Tabela 1: Cosmovisões ocidental e islâmica[4]

 OcidentalIslâmica
Filosofia
social
• Secularismo, liberalismo, materialismo.
• Valores morais separados da esfera política e econômica
da sociedade.
• Liberdade humana absoluta para a busca de ganhos materiais.
• Crença e submissão a Deus (ou seja, o homem serve a Deus, Maomé é o modelo, os ganhos materiais devem levar à partilha e à justiça).
• Jornada espiritual/moral na convivência com realidades materiais.
Educação• Aumentar a produtividade humana.
• Maior renda produz melhor qualidade de vida.
• O dinheiro é a fonte da felicidade.
• Fator moral no desenvolvimento.
• Justiça econômica e social.  
Economia• Foco no interesse próprio e capitalismo
• Permite que os mercados livres maximizem o ganho pessoal
• Bem-estar material e espiritual na cooperação
• Exorta à cooperação entre mercados e pessoas
• O sacrifício pelo bem comum

Essas diferenças surgiram como resultado das seguintes posturas do islamismo: (1) insatisfação com os modelos e teorias de desenvolvimento capitalistas e socialistas, (2) rejeição da ideologia de “aproximação” com o Ocidente e (3) compromisso de discernir a natureza e o princípio de desenvolvimento econômico do ponto de vista islâmico.[5] Como exemplo, vamos examinar três aspectos da economia islâmica.

Zakat

Zakat (donativo para purificação da alma) é um dos cinco pilares do islamismo, uma porcentagem fixa de riqueza paga pelos muçulmanos para causas específicas.
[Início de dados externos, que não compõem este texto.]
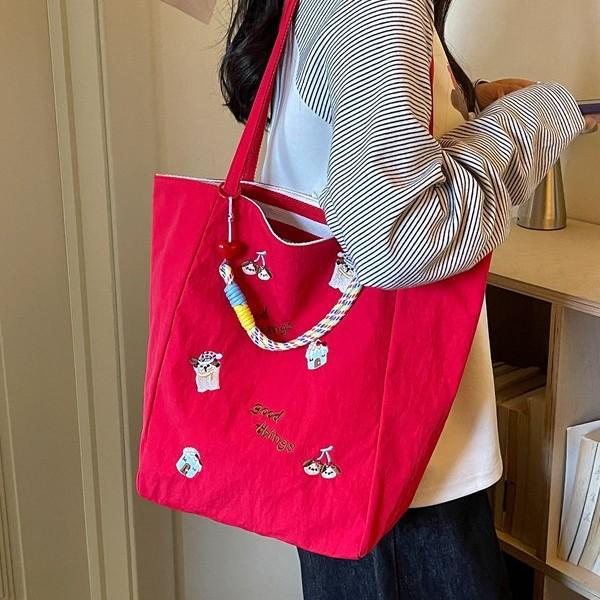 Japanese And Korean Style Casual Canvas Bag Cute Cartoon Embroidered Canvas Bag Women'S Large-Capacity Portable Shoulder Bag Commuting Class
Está associado à oração e acredita-se que “purifica tanto os doadores quanto a riqueza que é doada”. Seu descumprimento resulta na anulação da eficácia da oração.[6]

Por meio do zakat, o doador se purifica “ao coibir sua ganância e insensibilidade aos sofrimentos dos outros. Quem recebe, da mesma forma, é purificado da inveja e do ódio dos ricos”.[7] O Alcorão não determina quanto e quando dar, mas especifica a quem dar: convertidos, escravos, devedores e os espiritualmente perdidos (Sura 9:60).
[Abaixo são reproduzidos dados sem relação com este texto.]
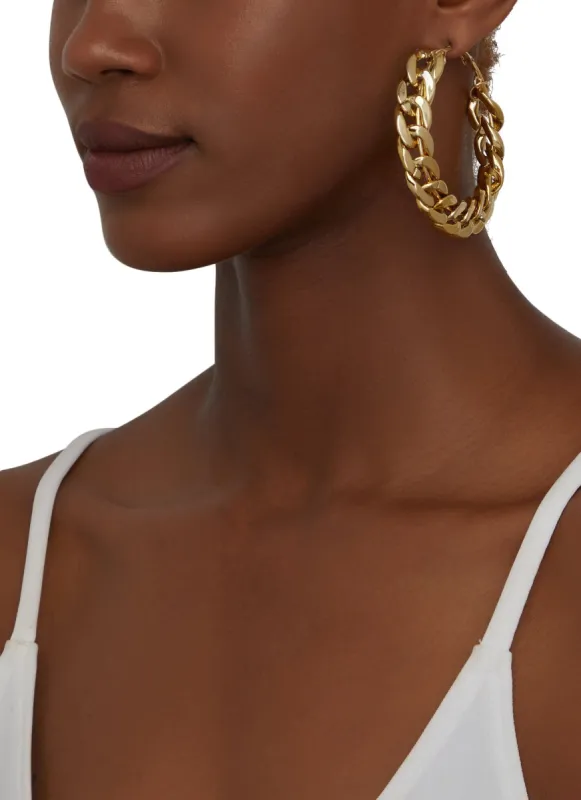 Jumbo Curb Chain Hoop Earrings sold by Rainbow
O Zakat equivale a 2,5% dos bens anuais de uma pessoa, mas as proporções variam conforme os diferentes tipos de riqueza.[8] Os muçulmanos cuja renda fica abaixo de certo limite estão desobrigados desse tributo, mas “exige-se que todos paguem anualmente um pequeno zakat al-fitr (fitrah) aos necessitados, no final do Ramadã”.[9] As esmolas dadas durante o Ramadã são “consideradas 70 vezes mais meritórias do que em outras épocas do ano”.[10]

Waqf: Trustes muçulmanos

Entre os islâmicos, um popular meio de transferir ativos é através do waqf (truste), uma doação religiosa estabelecida sob a lei sharia.[11] No islamismo moderno, o waqf é uma corporação — uma “organização autônoma que os tribunais tratam como pessoa jurídica”.[12] “Dependendo das faculdades de direito islâmicas, a administração e a execução dos waqfs variam, embora possam mudar com o tempo.[13] Não costuma haver barreira legal para incluir entre os beneficiários os não muçulmanos, com a ressalva de que não pratiquem adultério, embriaguez, jogos de azar ou usura. Caso contrário, seus direitos tornam-se nulos.[14]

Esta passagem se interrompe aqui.